MAHKEMESİ :Asliye Hukuk Mahkemesi
SAYISI : 2020/22 E., 2020/89 K.
KARAR : Davanın kabulü

Taraflar arasında görülen muhdesatın aidiyetinin tespiti davasında verilen karar hakkında yapılan temyiz incelemesi sonucunda; Yargıtay 8. Hukuk Dairesince, Mahkeme kararının bozulmasına karar verilmiştir.

Mahkemece bozmaya uyularak yeniden yapılan yargılama sonucunda; davanın kabulüne karar verilmiştir.

Mahkeme kararı davalı vekili tarafından temyiz edilmekle; kesinlik, süre, temyiz şartı ve diğer usul eksiklikleri yönünden yapılan ön inceleme sonucunda, temyiz dilekçesinin kabulüne karar verildikten ve Tetkik Hâkimi tarafından hazırlanan rapor dinlendikten sonra dosyadaki belgeler incelenip gereği düşünüldü:

I. DAVA
Davacı vekili; müvekkilinin dava konusu 297 ada 2 parsel … taşınmazda davalı Hazine ile paydaş olduklarını, Adana 4. Sulh Hukuk Mahkemesinin 2013/602 Esas … dosyasından ortaklığın giderilmesi davası açıldığını, açılan davada bilirkişi raporunda dava konusu taşınmaz üzerindeki 28,00 m² depo ve bir kısım ağaçların davalı ile ortak mal olarak değerlendirilmeye alındığını, bina ve ağaçların müvekkiline ait olduğunu ileri sürerek ilgili taşınmazların davacıya ait olduğunun tespitine karar verilmesini istemiştir.

II. CEVAP
Davalı Hazine vekili, davanın reddini savunmuştur.

III. MAHKEME KARARI
Mahkemece yapılan yargılama sonucunda; davanın kabulü ile dava konusu 297 ada 2 parsel … taşınmaz üzerinde bulunan, bilirkişilerin 02.03.2015 tarihli raporlarında liste hâlinde bildirdikleri ağaçların ve depo niteliğindeki binanın davacı tarafından meydana getirildiğinin tespitine karar verilmiştir.
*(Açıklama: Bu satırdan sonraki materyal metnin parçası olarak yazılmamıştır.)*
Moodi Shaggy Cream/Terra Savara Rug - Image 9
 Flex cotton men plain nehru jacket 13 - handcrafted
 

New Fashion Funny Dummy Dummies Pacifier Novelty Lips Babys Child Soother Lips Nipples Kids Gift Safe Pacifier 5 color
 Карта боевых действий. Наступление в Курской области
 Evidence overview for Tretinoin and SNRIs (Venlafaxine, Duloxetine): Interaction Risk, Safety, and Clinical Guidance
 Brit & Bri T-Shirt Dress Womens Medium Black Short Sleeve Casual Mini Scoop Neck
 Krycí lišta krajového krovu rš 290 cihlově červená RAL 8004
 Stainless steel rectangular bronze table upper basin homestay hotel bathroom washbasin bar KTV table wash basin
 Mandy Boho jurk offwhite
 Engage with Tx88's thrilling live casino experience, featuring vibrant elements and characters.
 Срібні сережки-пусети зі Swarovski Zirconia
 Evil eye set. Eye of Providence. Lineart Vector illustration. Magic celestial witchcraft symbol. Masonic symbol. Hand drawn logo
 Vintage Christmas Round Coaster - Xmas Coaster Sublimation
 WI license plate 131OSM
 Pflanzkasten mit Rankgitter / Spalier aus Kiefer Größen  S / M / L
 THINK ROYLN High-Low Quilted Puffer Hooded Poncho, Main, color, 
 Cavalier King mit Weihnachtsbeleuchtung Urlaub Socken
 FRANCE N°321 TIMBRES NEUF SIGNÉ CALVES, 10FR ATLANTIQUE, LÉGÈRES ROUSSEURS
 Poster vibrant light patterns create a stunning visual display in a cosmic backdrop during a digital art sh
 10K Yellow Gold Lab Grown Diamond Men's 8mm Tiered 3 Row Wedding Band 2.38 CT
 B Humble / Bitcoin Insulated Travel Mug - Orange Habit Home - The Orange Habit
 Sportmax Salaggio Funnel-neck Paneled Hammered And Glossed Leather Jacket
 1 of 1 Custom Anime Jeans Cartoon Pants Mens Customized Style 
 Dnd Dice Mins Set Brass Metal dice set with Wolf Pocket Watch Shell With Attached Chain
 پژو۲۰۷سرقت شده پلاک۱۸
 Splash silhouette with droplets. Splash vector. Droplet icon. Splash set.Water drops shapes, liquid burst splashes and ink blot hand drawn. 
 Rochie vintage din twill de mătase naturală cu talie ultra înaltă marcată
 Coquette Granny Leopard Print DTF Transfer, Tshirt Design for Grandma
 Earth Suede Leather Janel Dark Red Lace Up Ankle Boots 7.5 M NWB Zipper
IV. BOZMA VE BOZMADAN SONRAKİ YARGILAMA SÜRECİ
A. Bozma Kararı
1. Mahkemenin yukarıda belirtilen kararına karşı süresi içinde taraf vekilleri temyiz isteminde bulunmuşlardır.

2. Yargıtay 8.Hukuk Dairesince: “…davalı vekilinin tüm, davacı vekilinin sair temyiz itirazlarının reddiyle, davacı vekilinin yargılama giderlerine yönelik temyiz itirazlarına gelince; hüküm fıkrasının 3 üncü bendinde davacı tarafından yapılan yargılama giderlerinin davacı üzerinde bırakılmasına karar verildiği, davalı Hazine harçtan muaf olup harcın davacı taraftan alınmasının doğru olmadığından yatırdığı peşin harcın davacıya iadesine karar verilmesi, davalı yanın tapudaki pay oranı dikkate alınmak suretiyle yargılama giderlerinden sorumlu tutulması gerekmekteyken bahsi geçen 3 üncü fıkrada yargılama giderlerinin davacı üzerinde bırakılması, yine yargılama sonucunda davacı lehine vekalet ücretine hükmedilmemiş olmasının doğru olmadığı…” gerekçeleriyle karar bozulmuş, bozma ilâmına karşı davalı vekilinin karar düzeltme başvurusu reddedilmiştir.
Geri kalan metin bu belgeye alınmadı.